This is a question from Lee's book:
The definition of the exponential map in terms of the one parameter subgroups seemed quite abstract, so I think that fully understanding this exercise will be helpful. As far as I understand, if we find the one parameter subgroups (that is to say: the maximal integral curves of left-invariant vector fields which start at $e$), we're done. So we want to solve $$ \cases{\gamma'(t)=X\\\gamma(0)=e} $$ For $X\in \textrm{Lie}(G)$. In the case $G=\mathbb{R}^n$, $\textrm{Lie}(G)\cong \mathbb{R}^n$ so I guess we get $\gamma(t)=Xt$. What about the torus? Maybe I can use that $T^n\cong S^1\times\ldots\times S^1$, but how?
Update:
What I did is not really correct: I should have written
$$ \cases{\gamma'(t)=X_{\gamma(t)}\\\gamma(0)=e} $$ Now, $X_{\gamma(t)}=L_{\gamma(t),*}(e)X_e$. But now I do not know how to justify that this is simply $L_e$. i.e. how do I determine $L_{\gamma(t),*}(e)$?

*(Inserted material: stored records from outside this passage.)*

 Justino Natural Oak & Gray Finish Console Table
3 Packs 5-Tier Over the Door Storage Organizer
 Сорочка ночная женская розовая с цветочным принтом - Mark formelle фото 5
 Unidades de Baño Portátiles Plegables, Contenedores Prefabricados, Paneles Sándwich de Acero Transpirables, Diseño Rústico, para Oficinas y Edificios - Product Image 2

I tried the following: $L_{\gamma(t)}(x)=\gamma(t)+x$ (with $x\in\mathbb{R}^n$). Hence the matrix for $L_{\gamma(t),*}(e)$ is $$ \left(\begin{array}{ccc} \frac{\partial L_{\gamma(t)}^{1}}{\partial x^{1}} & \ldots & \frac{\partial L_{\gamma(t)}^{1}}{\partial x^{n}}\\ \vdots & & \vdots\\ \frac{\partial L_{\gamma(t)}^{n}}{\partial x^{1}} & \ldots & \frac{\partial L_{\gamma(t)}^{n}}{\partial x^{n}} \end{array}\right) = I $$ and therefore $L_{\gamma(t),*}(e)X_e=X_e$. So now only the torus is left.

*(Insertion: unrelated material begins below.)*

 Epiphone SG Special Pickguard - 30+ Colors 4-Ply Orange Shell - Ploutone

See $S^1$ as $\{z\in\mathbb{C}\,|\,|z|=1\}$. If $X=(t_1,\ldots,t_n)$, consider the map $\gamma\colon\mathbb{R}\longrightarrow\left(S^1\right)^n$ defined by $\gamma(x)=\bigl(e^{ixt_1},e^{ixt_2},\ldots,e^{ixt_n}\bigr)$. It is clear that $\gamma$ is a homomorphism and that $\gamma'(0)=X$. Therefore,$$\exp(X)=\gamma(1)=\bigl(e^{it_1},e^{it_2},\ldots,e^{it_n}\bigr).$$